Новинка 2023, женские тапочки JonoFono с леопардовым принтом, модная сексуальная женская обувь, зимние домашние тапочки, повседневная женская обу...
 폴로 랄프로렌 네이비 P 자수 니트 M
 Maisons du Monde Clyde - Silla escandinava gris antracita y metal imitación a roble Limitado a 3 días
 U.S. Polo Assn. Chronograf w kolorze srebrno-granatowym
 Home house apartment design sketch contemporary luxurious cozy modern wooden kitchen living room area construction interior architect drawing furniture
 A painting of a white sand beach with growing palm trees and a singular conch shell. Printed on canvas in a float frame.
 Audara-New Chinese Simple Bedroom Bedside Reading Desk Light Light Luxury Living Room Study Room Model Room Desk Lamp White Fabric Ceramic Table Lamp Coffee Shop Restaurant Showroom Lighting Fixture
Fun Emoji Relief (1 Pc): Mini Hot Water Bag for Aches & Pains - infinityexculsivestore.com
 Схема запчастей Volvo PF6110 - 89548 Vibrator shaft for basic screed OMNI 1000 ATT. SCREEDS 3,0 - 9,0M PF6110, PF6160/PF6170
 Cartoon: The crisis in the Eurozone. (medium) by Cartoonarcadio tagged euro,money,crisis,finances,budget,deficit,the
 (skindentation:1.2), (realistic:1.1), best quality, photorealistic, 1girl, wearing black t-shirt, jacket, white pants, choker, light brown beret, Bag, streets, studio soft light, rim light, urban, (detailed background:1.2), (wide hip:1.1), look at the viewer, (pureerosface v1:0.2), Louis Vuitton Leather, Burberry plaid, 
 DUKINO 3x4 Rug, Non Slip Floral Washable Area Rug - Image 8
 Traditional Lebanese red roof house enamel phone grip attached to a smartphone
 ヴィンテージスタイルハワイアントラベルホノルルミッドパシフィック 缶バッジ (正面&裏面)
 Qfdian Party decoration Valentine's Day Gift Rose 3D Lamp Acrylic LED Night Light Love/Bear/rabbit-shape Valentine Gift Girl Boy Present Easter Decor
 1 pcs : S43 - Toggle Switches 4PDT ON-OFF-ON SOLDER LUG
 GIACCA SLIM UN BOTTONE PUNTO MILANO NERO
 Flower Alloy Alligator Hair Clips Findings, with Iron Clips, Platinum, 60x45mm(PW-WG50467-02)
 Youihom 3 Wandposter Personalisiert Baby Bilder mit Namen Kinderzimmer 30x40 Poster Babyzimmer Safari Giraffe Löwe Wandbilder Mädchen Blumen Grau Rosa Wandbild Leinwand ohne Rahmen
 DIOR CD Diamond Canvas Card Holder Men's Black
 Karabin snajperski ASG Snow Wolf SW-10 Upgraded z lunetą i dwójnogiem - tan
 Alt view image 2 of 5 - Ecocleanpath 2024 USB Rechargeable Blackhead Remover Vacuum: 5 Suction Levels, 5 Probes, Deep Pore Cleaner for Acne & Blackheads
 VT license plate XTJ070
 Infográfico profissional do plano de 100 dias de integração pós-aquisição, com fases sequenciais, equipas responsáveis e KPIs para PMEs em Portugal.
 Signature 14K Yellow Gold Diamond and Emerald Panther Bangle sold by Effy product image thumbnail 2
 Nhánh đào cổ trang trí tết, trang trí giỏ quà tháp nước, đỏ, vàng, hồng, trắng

• [EXERCISE INSTRUCTIONS] Using only the data above, copy out the lines that include the word "Lamp".

• [EXERCISE RESPONSE]
 Audara-New Chinese Simple Bedroom Bedside Reading Desk Light Light Luxury Living Room Study Room Model Room Desk Lamp White Fabric Ceramic Table Lamp Coffee Shop Restaurant Showroom Lighting Fixture
 Qfdian Party decoration Valentine's Day Gift Rose 3D Lamp Acrylic LED Night Light Love/Bear/rabbit-shape Valentine Gift Girl Boy Present Easter Decor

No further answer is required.